Capítulo 34

La verdad

Cuando Deverly vio entrar a Monsieur Cottel en el salón de baile, solo tuvo que mirarle a la cara para saber de inmediato que su ánimo no estaba para demasiadas complacencias. Parecía excitado por algún extraño motivo que la sensual pelirroja relacionó de inmediato con Papilión, su aparente y celoso amigo, y los últimos acontecimientos de los que París entero se hacía eco.

En vez de comportarse como otras tantas veces, galán y seductor con las demás jóvenes antes de entablar relación con su amante, o cortés y refinado con el resto de los clientes, cruzó la habitación a zancadas sin pedir disculpas a quienes iba apartando de su camino de forma agresiva. Su actitud fue criticada por los caballeros que se congregaban alrededor de las jóvenes, aunque nadie se atrevió a reprochárselo públicamente y a la cara.

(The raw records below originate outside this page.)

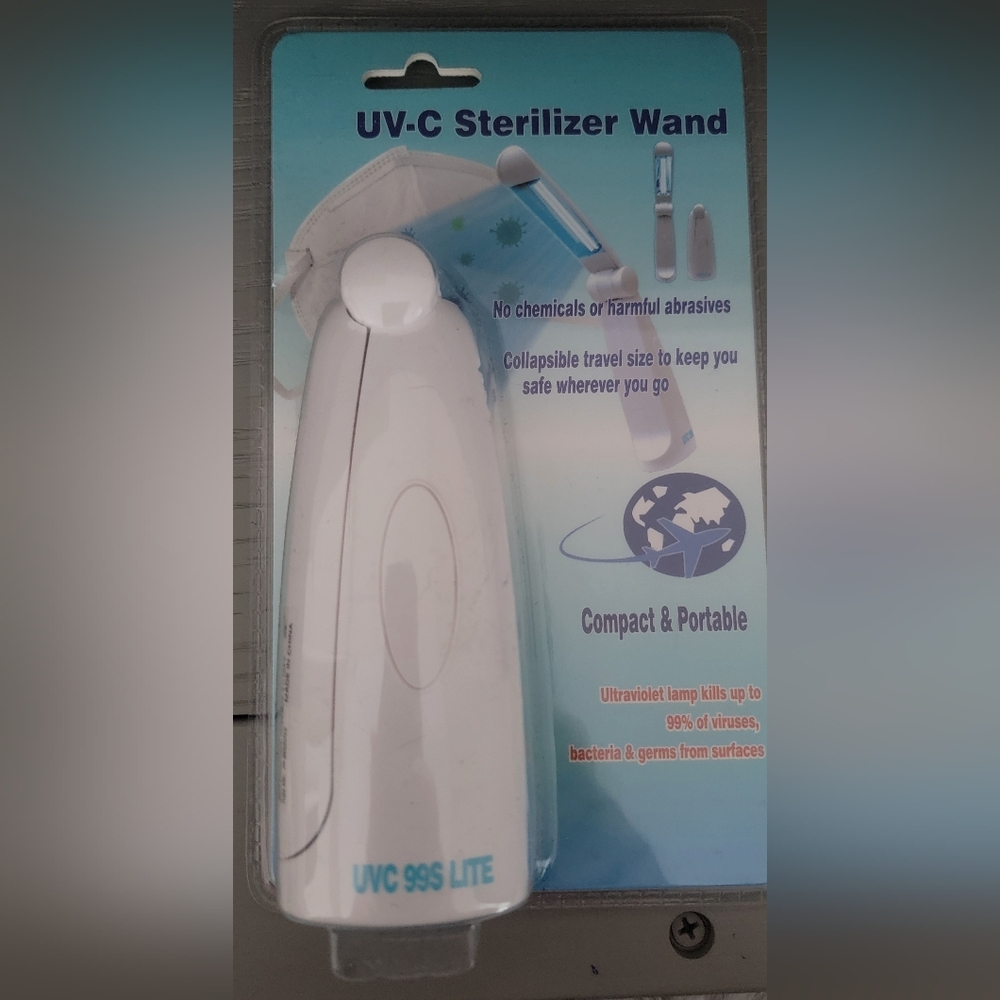 UV-C Sterilizer Wand NIB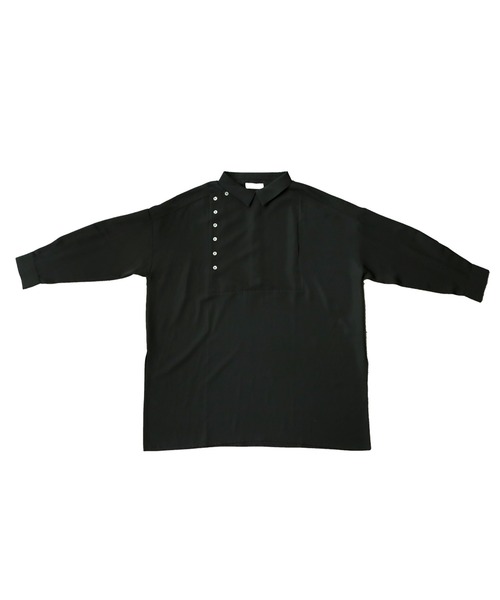 antiqua(アンティカ)の「長袖シャツ(シャツ/ブラウス・レディース・イエロー・FREE)」の3枚目の写真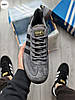 Чоловічі кросівки Adidas Handball Spezial Grey Взуття Адідас Спеціал Спешл сірі замшеві кеди низькі весна осінь спортивні, фото 5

—Subamos… —ordenó serio. La cogió por el brazo con firmeza—. Necesito hablar contigo.

Louise, que en aquel preciso momento hablaba con Deverly sobre el presunto merodeador a pesar de la prohibición de la madre abadesa, se negó a que su amiga se sintiera intimidada por un hombre; fuese o no cliente.

—Vuestra impertinencia no es digna de un caballero —le recriminó con acritud—. Lo menos que podéis hacer es pedirnos disculpas por interrumpir la conversación.

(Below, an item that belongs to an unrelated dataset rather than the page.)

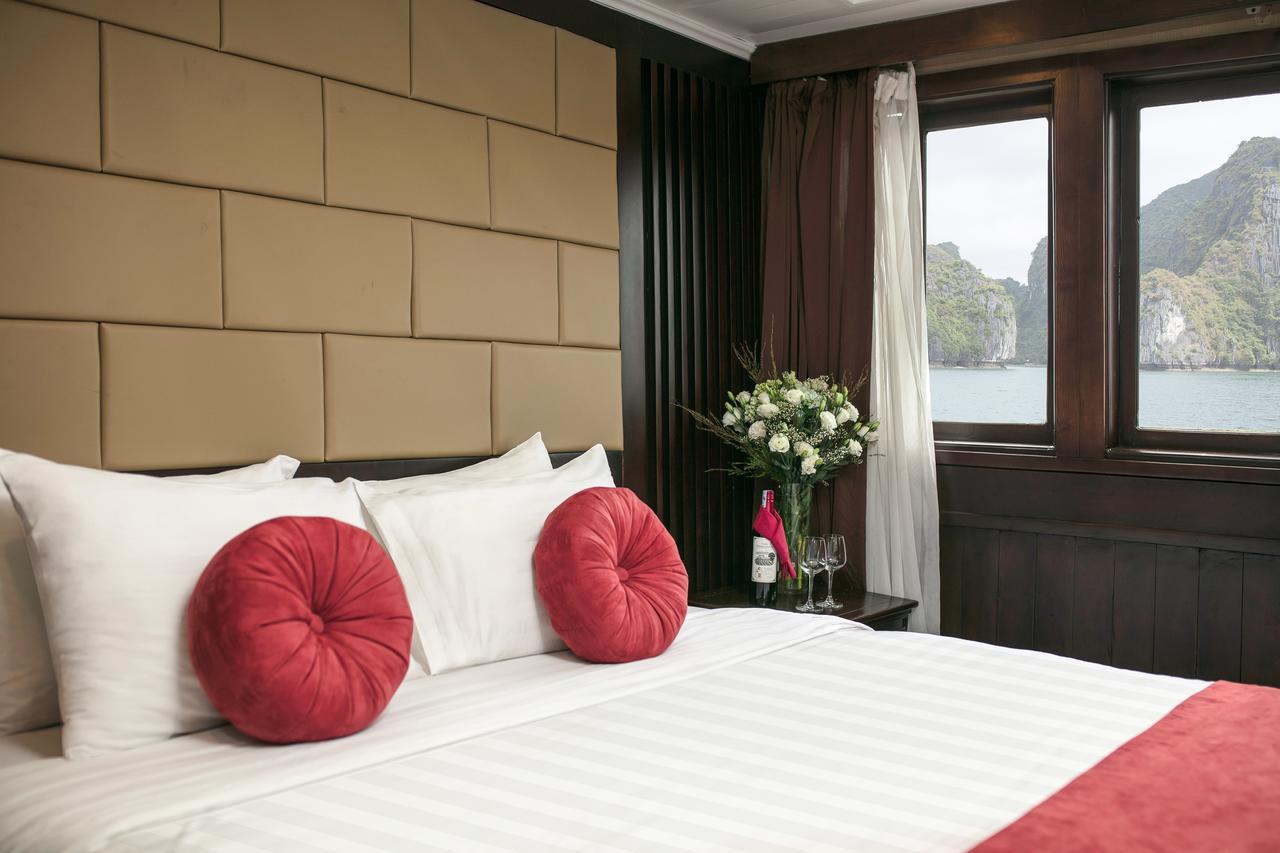 Halong Majestic Legend Cruise Hotel Ha Long Exterior foto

—Perdonad… —se excusó él, al comprender que su conducta no era la apropiada—. Lamento haber sido tan brusco, pero la necesidad mengua a veces la cortesía. Os pido perdón, y os ruego del mismo modo que me disculpéis porque he de privaros de la grata compañía de vuestra amiga. Sé que os haréis cargo de la situación, por lo que os adelanto con ello mi gratitud.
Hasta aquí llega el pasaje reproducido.